▶ Work instructions
Please repeat the line that has "CÂY XƯƠNG RỒNG" and all lines after it, exactly as they appear, through the end of the entries.

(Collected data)
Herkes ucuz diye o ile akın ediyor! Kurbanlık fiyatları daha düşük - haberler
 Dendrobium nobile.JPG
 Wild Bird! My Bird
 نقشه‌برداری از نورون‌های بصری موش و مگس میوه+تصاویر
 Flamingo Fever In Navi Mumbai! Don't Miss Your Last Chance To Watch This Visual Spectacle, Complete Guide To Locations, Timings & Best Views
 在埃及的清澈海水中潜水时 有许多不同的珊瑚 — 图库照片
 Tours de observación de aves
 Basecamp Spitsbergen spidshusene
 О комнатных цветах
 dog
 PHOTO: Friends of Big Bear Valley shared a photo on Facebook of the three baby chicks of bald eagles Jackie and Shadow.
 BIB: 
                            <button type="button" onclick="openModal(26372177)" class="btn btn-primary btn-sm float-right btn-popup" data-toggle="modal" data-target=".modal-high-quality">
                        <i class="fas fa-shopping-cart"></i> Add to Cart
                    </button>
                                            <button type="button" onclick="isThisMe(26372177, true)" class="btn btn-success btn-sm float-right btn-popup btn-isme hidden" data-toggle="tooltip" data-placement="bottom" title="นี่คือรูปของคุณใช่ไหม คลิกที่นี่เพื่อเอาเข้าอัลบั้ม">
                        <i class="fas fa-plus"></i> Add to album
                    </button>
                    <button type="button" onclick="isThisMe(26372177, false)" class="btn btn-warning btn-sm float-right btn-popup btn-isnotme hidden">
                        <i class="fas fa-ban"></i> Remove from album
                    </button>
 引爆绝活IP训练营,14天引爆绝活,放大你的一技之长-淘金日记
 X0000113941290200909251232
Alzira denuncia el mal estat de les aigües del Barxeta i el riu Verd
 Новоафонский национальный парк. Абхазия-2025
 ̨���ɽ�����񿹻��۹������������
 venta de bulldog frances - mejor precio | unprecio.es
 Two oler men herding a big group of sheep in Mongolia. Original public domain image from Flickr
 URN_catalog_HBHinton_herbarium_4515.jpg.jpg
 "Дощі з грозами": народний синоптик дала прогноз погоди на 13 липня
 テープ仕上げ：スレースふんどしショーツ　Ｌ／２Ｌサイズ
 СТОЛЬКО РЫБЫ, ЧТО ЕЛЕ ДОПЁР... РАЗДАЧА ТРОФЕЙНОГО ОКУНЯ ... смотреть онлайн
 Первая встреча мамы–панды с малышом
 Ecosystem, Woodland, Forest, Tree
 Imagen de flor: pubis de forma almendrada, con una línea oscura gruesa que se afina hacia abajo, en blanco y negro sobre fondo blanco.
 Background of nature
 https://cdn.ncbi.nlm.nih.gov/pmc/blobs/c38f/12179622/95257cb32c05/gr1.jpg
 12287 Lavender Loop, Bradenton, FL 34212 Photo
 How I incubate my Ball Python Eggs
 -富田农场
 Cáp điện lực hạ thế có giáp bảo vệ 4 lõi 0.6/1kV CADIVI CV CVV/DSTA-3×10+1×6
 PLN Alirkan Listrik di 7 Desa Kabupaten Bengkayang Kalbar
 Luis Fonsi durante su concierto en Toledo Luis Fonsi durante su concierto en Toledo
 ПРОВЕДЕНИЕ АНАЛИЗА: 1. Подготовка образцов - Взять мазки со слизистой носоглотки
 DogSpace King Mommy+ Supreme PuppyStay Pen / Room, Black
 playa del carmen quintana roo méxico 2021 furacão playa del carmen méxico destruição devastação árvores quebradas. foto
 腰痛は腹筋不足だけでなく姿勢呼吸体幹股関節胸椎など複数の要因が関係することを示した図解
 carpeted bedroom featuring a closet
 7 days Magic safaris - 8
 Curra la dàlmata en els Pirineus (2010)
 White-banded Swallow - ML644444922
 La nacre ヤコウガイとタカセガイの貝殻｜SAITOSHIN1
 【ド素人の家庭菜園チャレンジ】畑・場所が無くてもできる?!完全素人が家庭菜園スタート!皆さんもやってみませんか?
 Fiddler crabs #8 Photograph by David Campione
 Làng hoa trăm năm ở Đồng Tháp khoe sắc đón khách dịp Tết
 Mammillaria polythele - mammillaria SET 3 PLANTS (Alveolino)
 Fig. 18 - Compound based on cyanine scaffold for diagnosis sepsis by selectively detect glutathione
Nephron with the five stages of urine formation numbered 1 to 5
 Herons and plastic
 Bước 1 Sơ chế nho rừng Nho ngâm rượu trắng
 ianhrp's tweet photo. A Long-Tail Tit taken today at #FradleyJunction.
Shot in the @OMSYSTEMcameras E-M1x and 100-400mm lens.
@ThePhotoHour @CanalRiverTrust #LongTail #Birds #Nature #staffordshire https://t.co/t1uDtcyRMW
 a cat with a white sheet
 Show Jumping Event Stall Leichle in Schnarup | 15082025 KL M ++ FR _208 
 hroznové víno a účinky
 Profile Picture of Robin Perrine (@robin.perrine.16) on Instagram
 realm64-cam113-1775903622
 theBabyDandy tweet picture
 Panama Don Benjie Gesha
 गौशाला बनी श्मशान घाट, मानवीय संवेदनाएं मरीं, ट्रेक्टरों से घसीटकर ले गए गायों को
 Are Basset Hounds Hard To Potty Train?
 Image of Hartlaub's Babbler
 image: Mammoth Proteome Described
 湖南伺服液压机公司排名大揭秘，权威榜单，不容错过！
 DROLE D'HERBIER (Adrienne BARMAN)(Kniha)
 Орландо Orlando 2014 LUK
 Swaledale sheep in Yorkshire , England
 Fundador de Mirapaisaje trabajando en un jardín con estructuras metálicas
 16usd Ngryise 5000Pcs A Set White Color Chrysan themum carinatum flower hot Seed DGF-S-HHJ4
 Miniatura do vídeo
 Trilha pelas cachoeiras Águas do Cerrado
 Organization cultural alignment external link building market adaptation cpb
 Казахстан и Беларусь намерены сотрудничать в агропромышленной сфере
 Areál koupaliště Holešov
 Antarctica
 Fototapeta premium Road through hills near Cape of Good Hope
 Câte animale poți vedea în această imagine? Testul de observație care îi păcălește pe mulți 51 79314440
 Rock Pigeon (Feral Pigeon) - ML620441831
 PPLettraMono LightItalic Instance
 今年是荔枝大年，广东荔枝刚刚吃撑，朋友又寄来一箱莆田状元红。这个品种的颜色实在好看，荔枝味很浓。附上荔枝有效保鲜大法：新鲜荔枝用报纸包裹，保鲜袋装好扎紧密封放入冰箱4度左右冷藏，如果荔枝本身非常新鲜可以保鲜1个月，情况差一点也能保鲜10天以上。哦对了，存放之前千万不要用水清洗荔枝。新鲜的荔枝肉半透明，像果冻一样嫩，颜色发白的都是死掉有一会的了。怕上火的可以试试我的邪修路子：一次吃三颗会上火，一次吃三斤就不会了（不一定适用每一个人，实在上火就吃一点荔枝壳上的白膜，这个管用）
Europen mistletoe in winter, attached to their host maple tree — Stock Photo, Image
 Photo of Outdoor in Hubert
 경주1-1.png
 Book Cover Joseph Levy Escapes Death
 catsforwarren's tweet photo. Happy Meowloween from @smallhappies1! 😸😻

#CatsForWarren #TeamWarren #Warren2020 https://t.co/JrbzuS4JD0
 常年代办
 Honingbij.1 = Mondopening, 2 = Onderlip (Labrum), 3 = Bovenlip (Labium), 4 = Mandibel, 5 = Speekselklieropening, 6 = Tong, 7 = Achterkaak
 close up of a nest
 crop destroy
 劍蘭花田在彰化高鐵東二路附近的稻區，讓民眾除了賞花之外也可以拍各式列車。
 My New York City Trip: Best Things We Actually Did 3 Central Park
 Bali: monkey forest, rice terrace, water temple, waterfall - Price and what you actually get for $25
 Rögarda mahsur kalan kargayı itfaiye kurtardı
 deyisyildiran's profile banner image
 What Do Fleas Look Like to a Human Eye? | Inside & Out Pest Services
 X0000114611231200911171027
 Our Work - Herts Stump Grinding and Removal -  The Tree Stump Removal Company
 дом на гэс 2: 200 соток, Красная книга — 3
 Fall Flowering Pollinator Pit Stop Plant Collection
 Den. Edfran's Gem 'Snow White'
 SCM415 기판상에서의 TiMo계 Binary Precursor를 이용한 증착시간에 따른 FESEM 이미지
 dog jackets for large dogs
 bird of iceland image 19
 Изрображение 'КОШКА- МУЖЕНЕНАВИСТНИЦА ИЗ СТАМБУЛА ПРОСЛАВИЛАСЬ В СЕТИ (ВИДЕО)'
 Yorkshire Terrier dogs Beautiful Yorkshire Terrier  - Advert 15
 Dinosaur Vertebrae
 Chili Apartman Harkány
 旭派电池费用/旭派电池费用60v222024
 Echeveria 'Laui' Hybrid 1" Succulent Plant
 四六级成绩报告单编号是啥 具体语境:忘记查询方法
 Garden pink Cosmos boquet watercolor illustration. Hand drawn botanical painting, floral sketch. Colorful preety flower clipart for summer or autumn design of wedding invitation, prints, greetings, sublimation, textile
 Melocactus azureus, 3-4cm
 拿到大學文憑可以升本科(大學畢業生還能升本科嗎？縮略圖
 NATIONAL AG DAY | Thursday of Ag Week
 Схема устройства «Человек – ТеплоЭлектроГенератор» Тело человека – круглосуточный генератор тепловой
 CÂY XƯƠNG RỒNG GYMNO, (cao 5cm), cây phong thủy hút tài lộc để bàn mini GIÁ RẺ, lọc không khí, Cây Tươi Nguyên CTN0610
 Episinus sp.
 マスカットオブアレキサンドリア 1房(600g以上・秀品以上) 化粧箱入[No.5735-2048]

▶ Expected output
 CÂY XƯƠNG RỒNG GYMNO, (cao 5cm), cây phong thủy hút tài lộc để bàn mini GIÁ RẺ, lọc không khí, Cây Tươi Nguyên CTN0610
 Episinus sp.
 マスカットオブアレキサンドリア 1房(600g以上・秀品以上) 化粧箱入[No.5735-2048]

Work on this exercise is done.